┌─ Data to process
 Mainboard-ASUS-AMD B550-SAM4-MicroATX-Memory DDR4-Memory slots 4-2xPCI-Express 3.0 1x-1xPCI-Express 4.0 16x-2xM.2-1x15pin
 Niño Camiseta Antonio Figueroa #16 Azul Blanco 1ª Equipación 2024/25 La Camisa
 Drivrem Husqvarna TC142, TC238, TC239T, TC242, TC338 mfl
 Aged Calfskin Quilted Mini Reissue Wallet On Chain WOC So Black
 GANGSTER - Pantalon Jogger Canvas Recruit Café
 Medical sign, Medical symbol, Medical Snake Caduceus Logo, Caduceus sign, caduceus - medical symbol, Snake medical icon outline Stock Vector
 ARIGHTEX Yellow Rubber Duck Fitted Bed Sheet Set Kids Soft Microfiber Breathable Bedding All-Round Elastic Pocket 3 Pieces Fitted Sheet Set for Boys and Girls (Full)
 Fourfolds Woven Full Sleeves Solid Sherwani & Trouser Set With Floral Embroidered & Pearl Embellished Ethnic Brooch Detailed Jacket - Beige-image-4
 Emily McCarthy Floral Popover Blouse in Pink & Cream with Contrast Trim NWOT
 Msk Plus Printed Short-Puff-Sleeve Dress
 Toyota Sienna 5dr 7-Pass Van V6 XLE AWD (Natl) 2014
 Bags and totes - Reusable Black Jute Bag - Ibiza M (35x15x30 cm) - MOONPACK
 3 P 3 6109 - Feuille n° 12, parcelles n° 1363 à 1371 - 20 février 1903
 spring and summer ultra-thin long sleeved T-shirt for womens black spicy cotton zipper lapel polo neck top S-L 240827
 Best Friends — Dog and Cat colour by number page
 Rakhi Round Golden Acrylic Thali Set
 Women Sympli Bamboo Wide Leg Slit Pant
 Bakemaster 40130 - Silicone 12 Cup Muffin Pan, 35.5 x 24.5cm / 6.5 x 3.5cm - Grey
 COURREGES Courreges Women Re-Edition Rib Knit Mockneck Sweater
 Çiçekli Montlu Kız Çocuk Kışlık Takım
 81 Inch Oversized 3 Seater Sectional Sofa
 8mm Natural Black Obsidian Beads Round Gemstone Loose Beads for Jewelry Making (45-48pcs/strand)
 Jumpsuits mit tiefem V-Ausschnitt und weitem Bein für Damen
└─
● Work item
Only the lines that contain the string "Full" are to be copied from the records.

● The completed task
 ARIGHTEX Yellow Rubber Duck Fitted Bed Sheet Set Kids Soft Microfiber Breathable Bedding All-Round Elastic Pocket 3 Pieces Fitted Sheet Set for Boys and Girls (Full)
 Fourfolds Woven Full Sleeves Solid Sherwani & Trouser Set With Floral Embroidered & Pearl Embellished Ethnic Brooch Detailed Jacket - Beige-image-4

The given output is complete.